Он ответил отрицательно.
– А почему? – спросила она, подгребла искривленной нижней губой и выпятила ее.
Он промолчал. Этот малый был, видимо, еще очень молод, и у него осталась от школы привычка молчать, когда его спрашивают, а он не знает, что ответить.
– Вы что же – вообще никогда не измеряете температуру?
– Измеряю, сударыня. Когда у меня жар.
– Молодой человек, температуру измеряют прежде всего, чтобы узнать, есть ли жар. А сейчас, по вашему мнению, у вас нет жара?
– Право, не знаю, сударыня; никак не пойму. Познабливает меня и в жар бросает уже давно, с тех пор как я сюда приехал.
– Ага. А где же ваш градусник?
– Я не захватил его с собой, сударыня. Зачем? Ведь я приехал сюда только в гости, я здоров.
– Чепуховина! И меня вы позвали потому, что здоровы?
– Нет, – вежливо улыбнулся он, – потому что я слегка…

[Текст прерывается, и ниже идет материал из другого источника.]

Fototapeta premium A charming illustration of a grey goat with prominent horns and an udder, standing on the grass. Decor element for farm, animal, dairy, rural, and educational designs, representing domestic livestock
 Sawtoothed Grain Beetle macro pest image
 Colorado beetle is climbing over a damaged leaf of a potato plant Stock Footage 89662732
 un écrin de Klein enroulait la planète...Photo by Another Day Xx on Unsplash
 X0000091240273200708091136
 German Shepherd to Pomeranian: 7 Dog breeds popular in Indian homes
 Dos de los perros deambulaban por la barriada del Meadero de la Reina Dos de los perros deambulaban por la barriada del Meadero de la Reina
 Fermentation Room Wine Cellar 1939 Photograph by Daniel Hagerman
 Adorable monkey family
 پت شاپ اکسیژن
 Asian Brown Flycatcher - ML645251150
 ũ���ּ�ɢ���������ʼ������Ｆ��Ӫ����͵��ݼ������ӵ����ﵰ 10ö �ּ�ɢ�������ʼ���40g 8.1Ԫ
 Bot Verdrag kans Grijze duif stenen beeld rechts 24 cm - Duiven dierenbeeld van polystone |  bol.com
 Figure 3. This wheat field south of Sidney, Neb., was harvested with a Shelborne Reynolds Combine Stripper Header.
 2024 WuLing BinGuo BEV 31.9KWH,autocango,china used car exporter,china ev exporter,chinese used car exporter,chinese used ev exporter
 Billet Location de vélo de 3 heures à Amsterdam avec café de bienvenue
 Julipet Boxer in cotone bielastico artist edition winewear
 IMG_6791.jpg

– Простудились? Поверьте, такие простуды мы видели не раз. Нате! – сказала она, снова порылась в сумке, извлекая оттуда два длинных кожаных футляра, черный и красный, и положила на стол.
– Вот этот стоит три с половиной франка, а этот пять. Конечно, лучше если вы возьмете за пять, это уж на всю жизнь, разумеется, при бережном обращении.
Улыбаясь, взял он со стола красный футляр и открыл. Словно некая драгоценность, лежал стеклянный термометр на красном бархате футляра, в желобке, точно соответствовавшем его форме. Градусы были отмечены красными черточками, десятые – черными. Цифры тоже были красные, тонкий нижний конец градусника заполнен зеркально отсвечивающей ртутью. Холодный ртутный столбик стоял очень низко – гораздо ниже цифры нормального животного тепла.
Ганс Касторп знал, как должен вести себя человек, у которого есть самоуважение и чувство собственного достоинства.
– Я возьму вот этот, – заявил он, даже не взглянув на другой. – Этот, за пять. Разрешите сейчас же…
– Идет! – пискнула старшая сестра. – Когда покупаешь полезную вещь, жадничать нечего! Не спешите, поставим вам в счет. Давайте сюда, мы еще его спустим, совсем вниз загоним, вот. – И она взяла у него из рук градусник, несколько раз встряхнула, так что ртуть упала еще ниже, до цифры 35.
– Не беспокойтесь! Меркурий опять поднимется, опять полезет вверх, – сказала она. – Вот вам ваша покупка! Вы, наверно, знаете, как это у нас делается? Суете под ваш уважаемый язык, держите семь минут, четыре раза в день, покрепче сжимаете вашими драгоценными губами. До свидания, молодой человек! Желаю утешительных данных.